Rethinking Religion
Dr. Kevin Flatt aims to change how we understand the history of secularization.
3 min. read
February 27, 2017

As an historian and an expert on Christianity and modern secularization, associate professor of history Dr. Kevin Flatt sees an empty pocket of knowledge — one that he is well positioned to fill. Flatt’s ultimate goal is to produce a textbook-style narrative history of the secularization of Western civilization. With help from a generous Zylstra grant, he can really dig into the work in store.

“The secularization of Western thought, culture and society in recent centuries is one of the most important developments in the history of Western civilization,” Flatt observes. “Yet there are few books that treat this subject as a whole, and fewer still that address it with an approach that is historically grounded and theoretically sound.” Flatt aims to change all that.

As he notes, many sociologists have written on the general process of secularization, but these books deal with abstract patterns, not historical events. Even historians dealing in secularization have tended to focus on particular parts of the story rather than a comprehensive whole. Charles Taylor’s famed tome A Secular Age comes close, but weighing in at a whopping 874 pages, it is not for the faint of heart. Neither does it deal much with historical narrative. Flatt’s book will.

With the grant money awarded through his Zylstra grant, Flatt will be able to research a wide array of material in the discipline and develop a proposal for a book that he has been preparing to write, in one way or another, for his entire professional life.

As an initiative of the Redeemer Centre for Christian Scholarship, the Zylstra grants are intended to promote research from a Christian perspective. So how, exactly, does a history of secularization fit the bill?

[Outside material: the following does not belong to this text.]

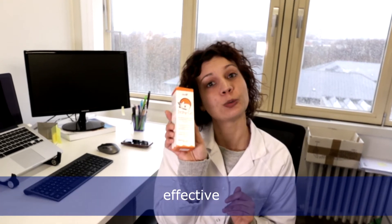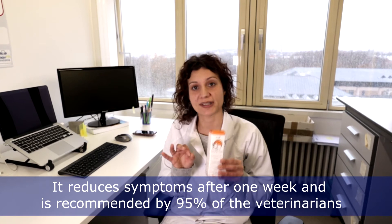We have found a way to solve the problem at its roots by removing the mites from the dog baskets. We call this solution Ichigo. Our product is natural, effective, and very easy to use. It has no side effects and eliminates mites through an attraction principle.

Flatt pinpoints the major misconception that modern culture tells itself about itself: that it has progressed beyond the need for religion. In fact, our society ought not to be so certain that it’s left religion behind. Take some of the thornier issues of public debate, Flatt argues, such as reasonable accommodation for Muslim immigrants or hegemonic perspectives on sexuality. “What people think about these things is often rooted in imagined historical narratives” — narratives about religion. Whether or not Canadians spend part of their holy days in a pew, religion still shapes their perspective.

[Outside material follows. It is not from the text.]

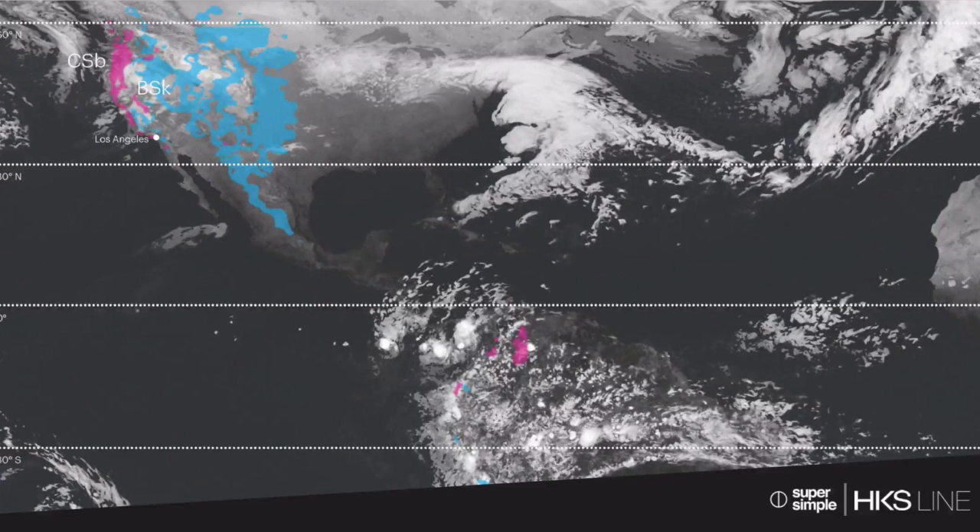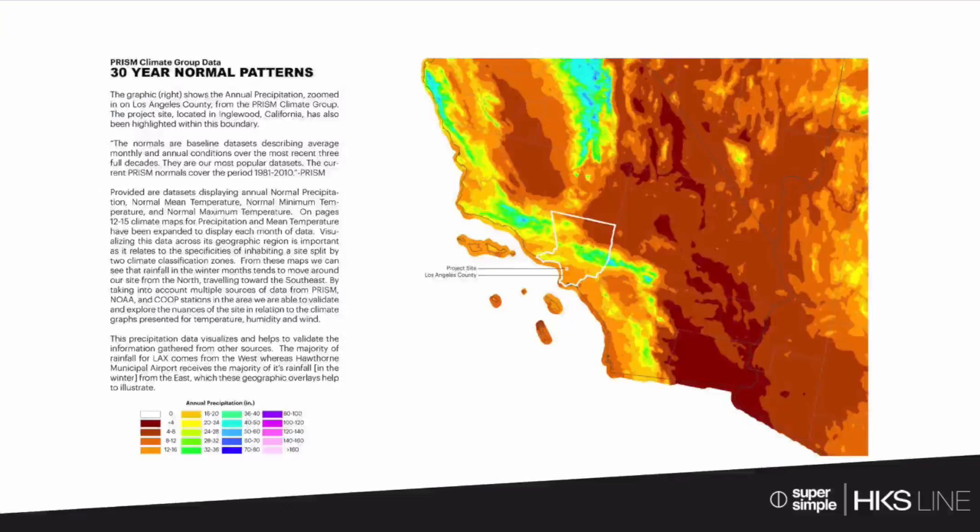This is the Köppen climate classification system, one of the primary ways to classify climates, and we can see how we straddle the boundary between the two classifications. We're also looking at PRISM climate data — 30-year normal patterns — to understand annual precipitation and other climate variables. We look at typical meteorological year TMY3 files. And what we've started to do is use services that project climate into the future, because if we're designing based only on what's happened over the past 30 years during a period of rapid and remarkable climate change, we're starting out behind.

“The marginalization of God from first public, and increasingly, private life throughout the Western world over the past few centuries has to rank as one of the greatest setbacks for the kingdom of God in Western history.”

Academics studying secularization no longer believe that modernity automatically produces a decline in religious faith, but that storyline is still referenced almost everywhere else. Under the influence of Redeemer’s neo-Calvinist traditions and armed with a CV that boasts plenty of popular writing, Flatt is well-suited to reframe the story from a faithful perspective for a wider audience.

Flatt sums up this project’s importance: “The marginalization of God from first public, and increasingly, private life throughout the Western world over the past few centuries has to rank as one of the greatest setbacks for the kingdom of God in Western history. Investigating how this occurred and explaining it in an accurate but accessible format is an important step in equipping Christians to not only think rightly about this change, but to better resist the secularizing pressures that surround us.”